Activity:
Copy the entries below word for word, minus the pictures.

Provided records:
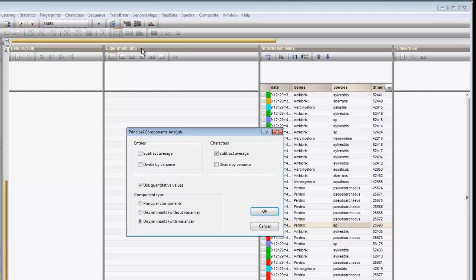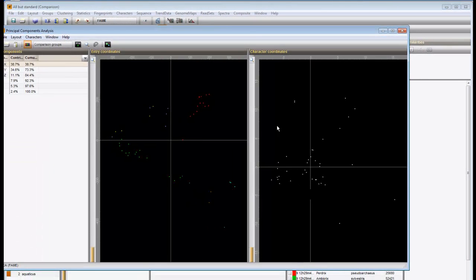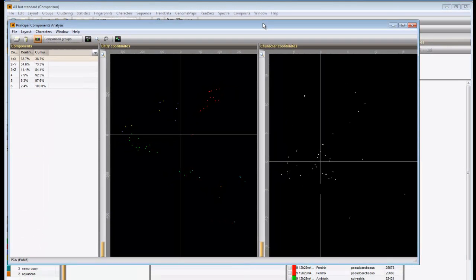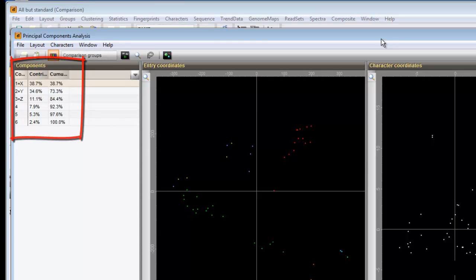Press OK to start a calculation. In the components panel, the components are shown with their relative contribution and the cumulative contribution displayed. Also the components used as x, y and z-axis are indicated.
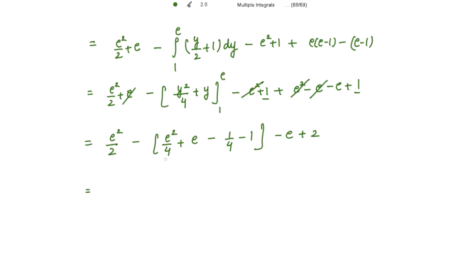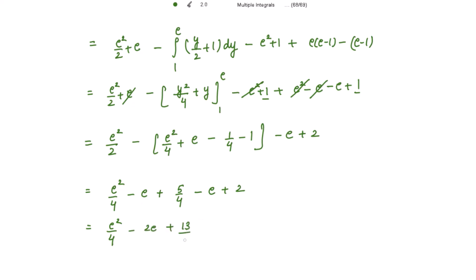Simplifying: e²/2 minus e²/4 gives e²/4. Combined with -2e and the constant 13/4, we get e²/4 - 2e + 13/4. Taking 1/4 outside gives the final answer: (e² - 8e + 13) / 4.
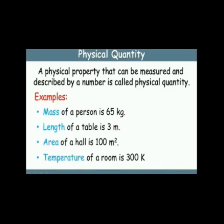The measurement of any physical quantity consists of two parts: magnitude and unit. Thus, when we say length of 3 meter, it means that the object has length 3 times the standard unit.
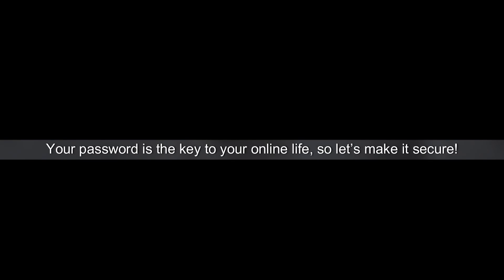Hey everyone! Today we're talking about creating a strong password. Your password is the key to your online life, so let's make it secure.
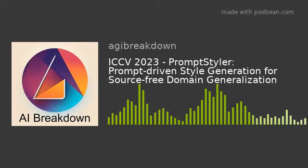And that's a wrap for today's episode of AI Breakdown. Don't forget to subscribe to our podcast to stay updated on the latest research papers in AI. I'm Megan, and I'm Ray. Thanks for joining us.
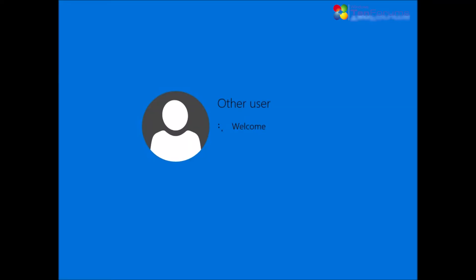Windows finalizes the installation and creates your local user account.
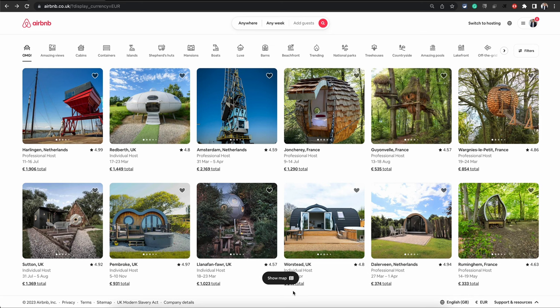In this video I will show you how to change Airbnb profile photo from your computer. It's very easy once you know where to go. Once you're logged into Airbnb, just go to the top right corner and click on your profile image.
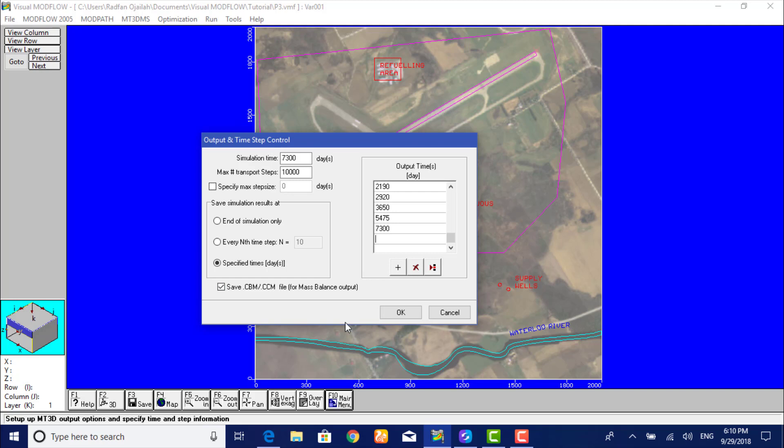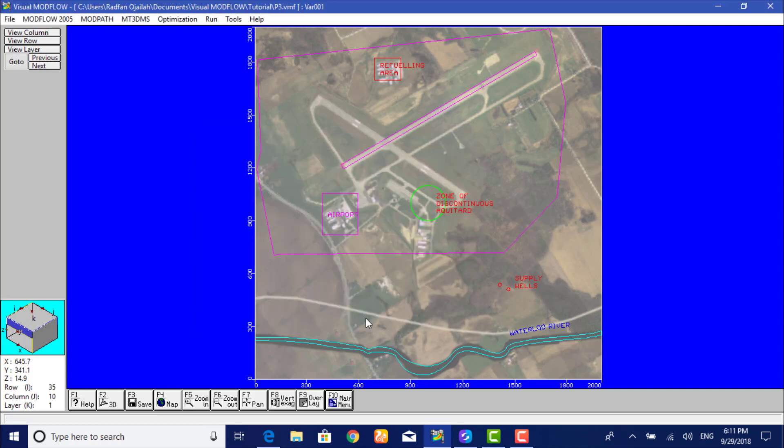Now click on OK to accept these output and time step control parameters. This concludes the MT3D run options section of the tutorial.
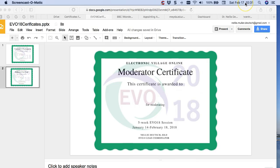This is Nellie and I'm on Google Drive. I want to show you how to add a name and the name of the course to a certificate for your participants. This is a PowerPoint presentation. You can do it through your computer or on Google Drive.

Finished task:
Press OK to start a calculation. In the components panel, the components are shown with their relative contribution and the cumulative contribution displayed. Also the components used as x, y and z-axis are indicated.
Simplifying: e²/2 minus e²/4 gives e²/4. Combined with -2e and the constant 13/4, we get e²/4 - 2e + 13/4. Taking 1/4 outside gives the final answer: (e² - 8e + 13) / 4.
The measurement of any physical quantity consists of two parts: magnitude and unit. Thus, when we say length of 3 meter, it means that the object has length 3 times the standard unit.
Hey everyone! Today we're talking about creating a strong password. Your password is the key to your online life, so let's make it secure.
And that's a wrap for today's episode of AI Breakdown. Don't forget to subscribe to our podcast to stay updated on the latest research papers in AI. I'm Megan, and I'm Ray. Thanks for joining us.
Windows finalizes the installation and creates your local user account.
In this video I will show you how to change Airbnb profile photo from your computer. It's very easy once you know where to go. Once you're logged into Airbnb, just go to the top right corner and click on your profile image.
Now click on OK to accept these output and time step control parameters. This concludes the MT3D run options section of the tutorial.
This is Nellie and I'm on Google Drive. I want to show you how to add a name and the name of the course to a certificate for your participants. This is a PowerPoint presentation. You can do it through your computer or on Google Drive.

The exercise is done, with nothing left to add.